Rusia, de la mano de Putin, ha emergido de las cenizas en que se encontraba después que se desintegró la Unión Soviética. Durante su adaptación al capitalismo, la patria de los zares atravesó por un desorden económico, social y político que la encaminaron incluso hacia una crisis de identidad que la dejaron, según algunos, camino a la disolución, cuestión que nunca estuvo en nuestros cálculos, debido a que los acontecimientos históricos que dieron origen a aquella nación se produjeron durante siglos, antes de La Revolución de Octubre.
Mientras el país euroasiático trataba, en medio de la confusión, de definir su destino, Occidente, cetro en mano, disponía del globo a su antojo, imponiendo a las naciones y estados débiles el modelo económico que consideraba idóneo para la implementación de esquemas políticos, jurídicos y hasta religiosos “moralmente aceptables” y “civilizadores”, para lo que usaron a los organismos financieros internacionales, a la Organización de las Naciones Unidas, a las grandes corporaciones, a medios de comunicación, a la industria del cine, a centros académicos, a organizaciones de la sociedad civil y a toda suerte de instituciones con niveles de influencia.

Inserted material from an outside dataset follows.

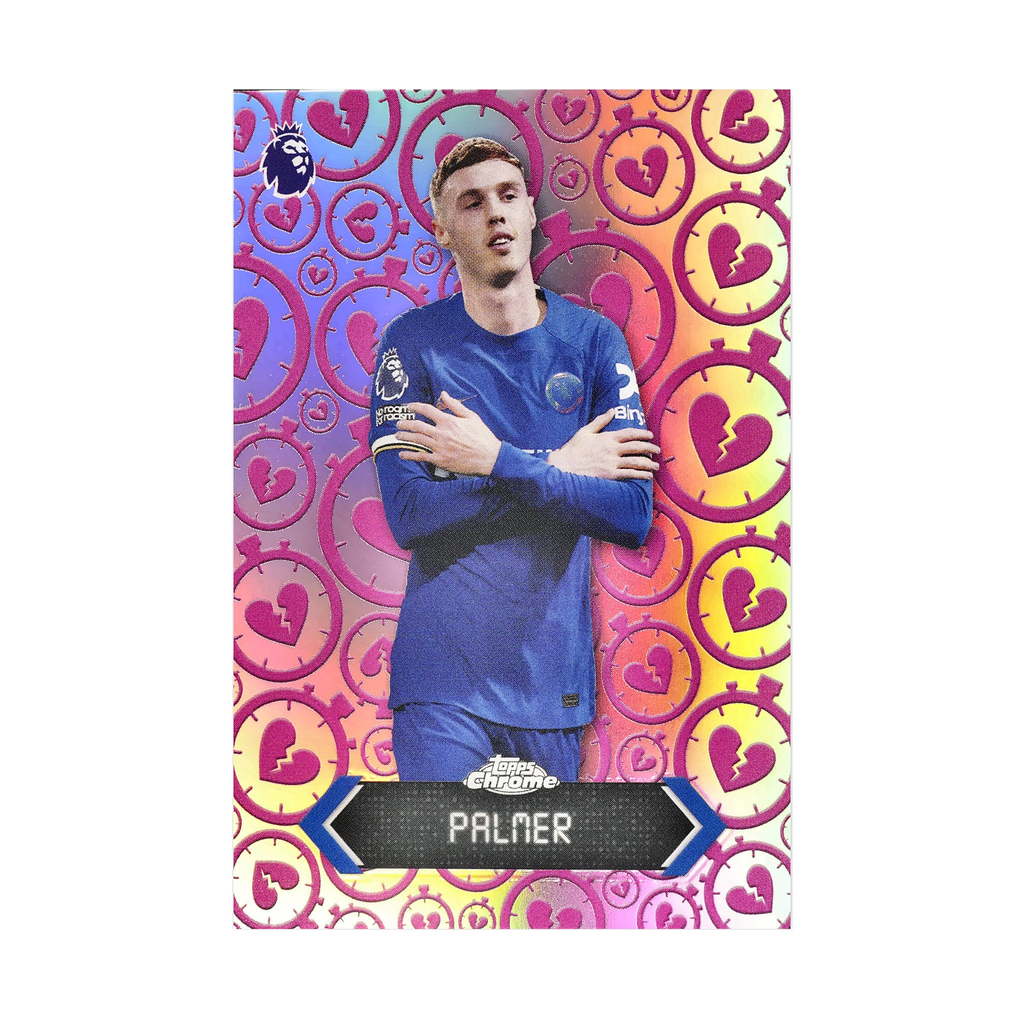Cole Palmer collectible card — front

Durante la edificación de esa plataforma planetaria se fueron cuajando vicios que contribuirían con el desplome de la estructura, lo que dejaría el espacio para que los débiles, con las mismas herramientas y capitales de ellos, crearan las bases para la articulación de un nuevo orden económico mundial que avanza sobre ejes emergentes; y China, junto a Rusia, son partes esenciales del fenómeno que pone a Occidente a dar los coletazos que se expresan en hechos como la desestabilización del gobierno de Ucrania para impulsar fuerzas políticas pro occidentales que promovieran la adhesión a la UE.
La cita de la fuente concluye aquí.